#### Data to process
----------------

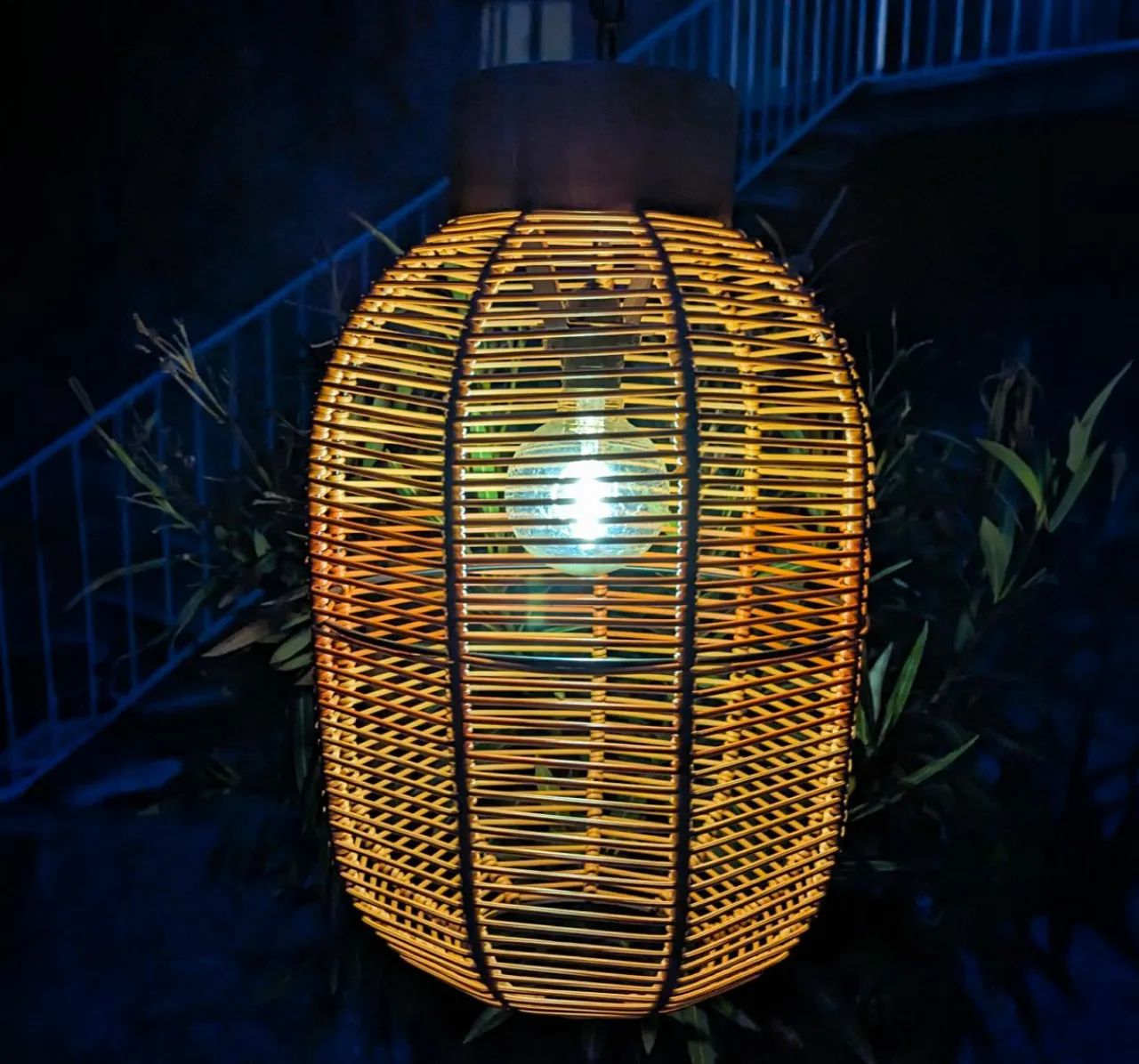 #N/A Suspension de jardin solaire résine tressée LED (D27 cm) Toscane Terracotta Orange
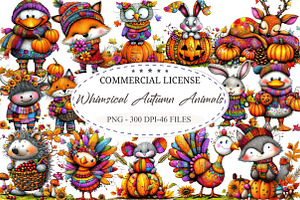 Whimsical Autumn Animals Clipart, a Seasonal Illustration by designcity5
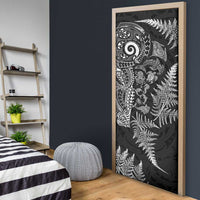 New Zealand Sea Animals Door Cover with Maori Koru Tribal Tattoo and Silver Ferns Black Color LT03 - Polynesian Pride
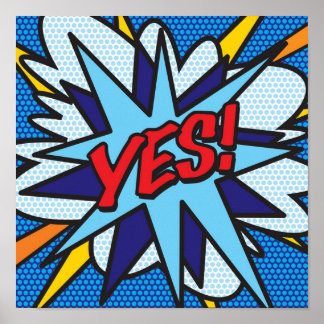YES Pop Art Comic Book Modern Fun Poster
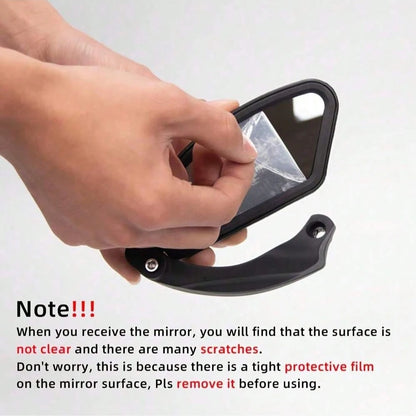2pcs Bicycle Rearview Mirror, 360° Rotatable Convex Design, Transparent Acrylic Mirror, Adjustable Clip For Mountain & Road Bikes, Black Color, Durable Riding Accessories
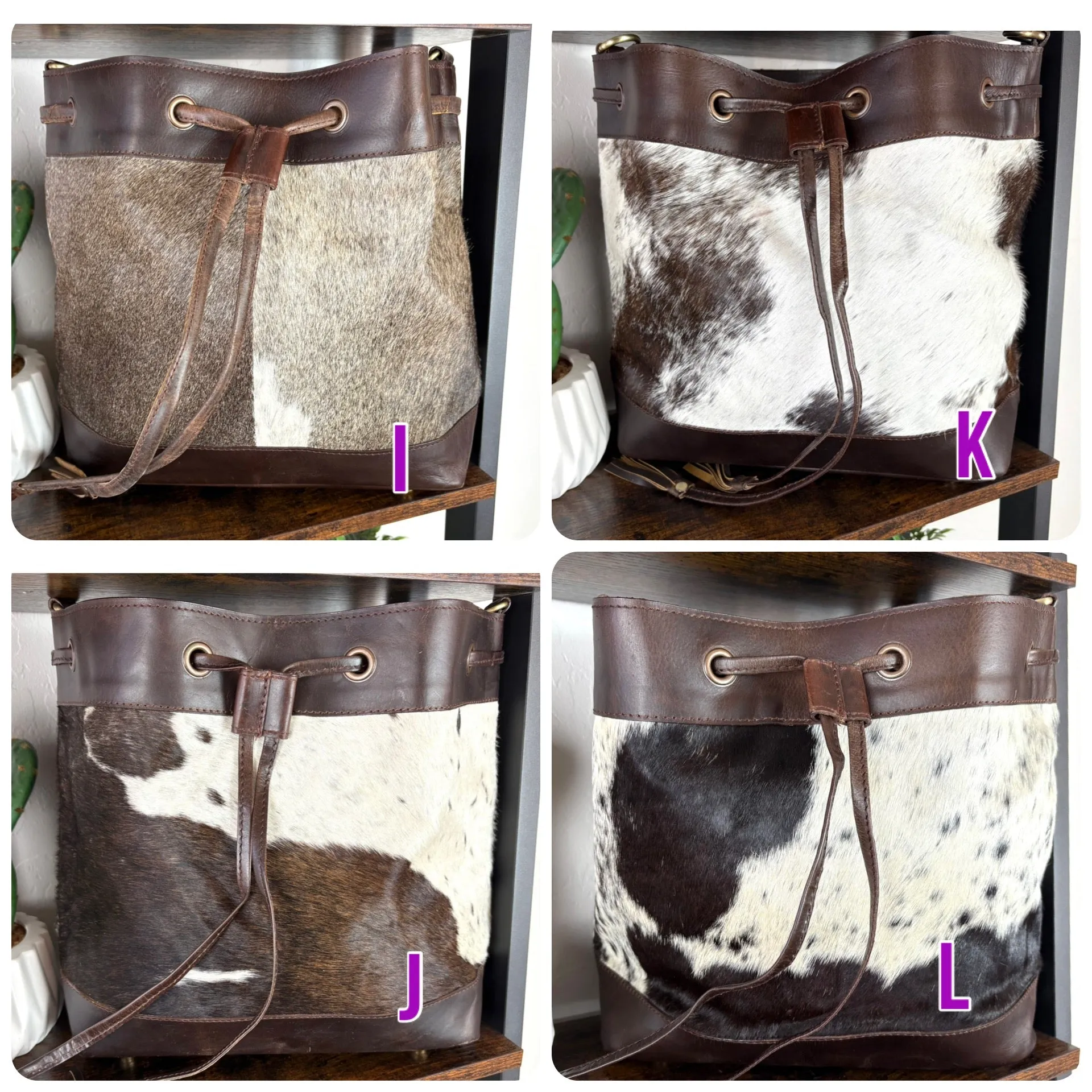 Cowhide and Leather Western Drawstring Bucket Bag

----------------

#### Task goal
Could you give the material again exactly as it stands, omitting any image?

#### Output of the exercise
 #N/A Suspension de jardin solaire résine tressée LED (D27 cm) Toscane Terracotta Orange
 Whimsical Autumn Animals Clipart, a Seasonal Illustration by designcity5
 New Zealand Sea Animals Door Cover with Maori Koru Tribal Tattoo and Silver Ferns Black Color LT03 - Polynesian Pride
YES Pop Art Comic Book Modern Fun Poster
2pcs Bicycle Rearview Mirror, 360° Rotatable Convex Design, Transparent Acrylic Mirror, Adjustable Clip For Mountain & Road Bikes, Black Color, Durable Riding Accessories
 Cowhide and Leather Western Drawstring Bucket Bag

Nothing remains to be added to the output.